[Caption-style text data]
▼

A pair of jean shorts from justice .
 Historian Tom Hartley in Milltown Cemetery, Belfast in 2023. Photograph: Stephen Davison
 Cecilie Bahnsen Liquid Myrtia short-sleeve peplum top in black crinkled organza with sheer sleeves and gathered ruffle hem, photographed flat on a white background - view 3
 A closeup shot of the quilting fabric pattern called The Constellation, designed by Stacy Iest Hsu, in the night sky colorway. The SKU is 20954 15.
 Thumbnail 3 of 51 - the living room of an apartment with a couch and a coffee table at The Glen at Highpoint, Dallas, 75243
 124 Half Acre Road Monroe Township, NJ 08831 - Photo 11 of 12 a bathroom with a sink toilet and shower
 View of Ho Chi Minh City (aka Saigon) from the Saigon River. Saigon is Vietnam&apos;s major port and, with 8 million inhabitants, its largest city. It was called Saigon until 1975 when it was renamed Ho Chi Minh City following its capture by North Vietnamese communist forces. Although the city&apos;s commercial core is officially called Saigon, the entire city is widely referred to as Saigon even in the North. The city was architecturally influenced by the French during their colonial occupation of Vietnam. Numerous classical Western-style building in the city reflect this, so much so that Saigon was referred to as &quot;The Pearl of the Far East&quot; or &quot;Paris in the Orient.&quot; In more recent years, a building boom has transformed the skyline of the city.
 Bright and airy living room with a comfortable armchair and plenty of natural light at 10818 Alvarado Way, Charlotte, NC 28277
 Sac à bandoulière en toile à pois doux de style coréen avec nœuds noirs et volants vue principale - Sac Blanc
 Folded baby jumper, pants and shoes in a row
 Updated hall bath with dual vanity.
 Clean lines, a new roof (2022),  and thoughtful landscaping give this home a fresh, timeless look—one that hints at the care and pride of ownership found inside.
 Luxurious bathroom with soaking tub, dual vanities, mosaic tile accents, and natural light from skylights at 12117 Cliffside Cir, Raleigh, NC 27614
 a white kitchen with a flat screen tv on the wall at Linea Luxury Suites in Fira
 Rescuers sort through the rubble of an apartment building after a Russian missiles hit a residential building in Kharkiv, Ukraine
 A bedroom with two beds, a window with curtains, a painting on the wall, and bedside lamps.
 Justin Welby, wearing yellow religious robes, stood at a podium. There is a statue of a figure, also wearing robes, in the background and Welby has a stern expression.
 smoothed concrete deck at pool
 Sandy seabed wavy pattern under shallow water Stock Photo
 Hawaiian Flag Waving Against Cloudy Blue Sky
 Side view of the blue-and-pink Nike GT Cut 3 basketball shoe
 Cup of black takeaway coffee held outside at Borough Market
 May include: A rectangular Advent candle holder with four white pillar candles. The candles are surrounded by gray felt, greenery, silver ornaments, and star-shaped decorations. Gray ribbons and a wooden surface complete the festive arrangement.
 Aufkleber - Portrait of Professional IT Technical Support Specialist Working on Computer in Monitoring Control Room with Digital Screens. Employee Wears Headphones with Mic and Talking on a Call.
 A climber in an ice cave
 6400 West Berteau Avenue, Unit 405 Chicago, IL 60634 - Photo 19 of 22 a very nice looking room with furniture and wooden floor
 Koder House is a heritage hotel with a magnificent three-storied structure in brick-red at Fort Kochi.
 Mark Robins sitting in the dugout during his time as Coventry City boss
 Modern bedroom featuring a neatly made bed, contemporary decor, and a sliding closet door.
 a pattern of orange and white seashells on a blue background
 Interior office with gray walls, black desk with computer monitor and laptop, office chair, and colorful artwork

▲

**To do**
Starting at the first line of the records, print each line exactly, stopping after the line that contains "Thumbnail 3 of".

**Result**
A pair of jean shorts from justice .
 Historian Tom Hartley in Milltown Cemetery, Belfast in 2023. Photograph: Stephen Davison
 Cecilie Bahnsen Liquid Myrtia short-sleeve peplum top in black crinkled organza with sheer sleeves and gathered ruffle hem, photographed flat on a white background - view 3
 A closeup shot of the quilting fabric pattern called The Constellation, designed by Stacy Iest Hsu, in the night sky colorway. The SKU is 20954 15.
 Thumbnail 3 of 51 - the living room of an apartment with a couch and a coffee table at The Glen at Highpoint, Dallas, 75243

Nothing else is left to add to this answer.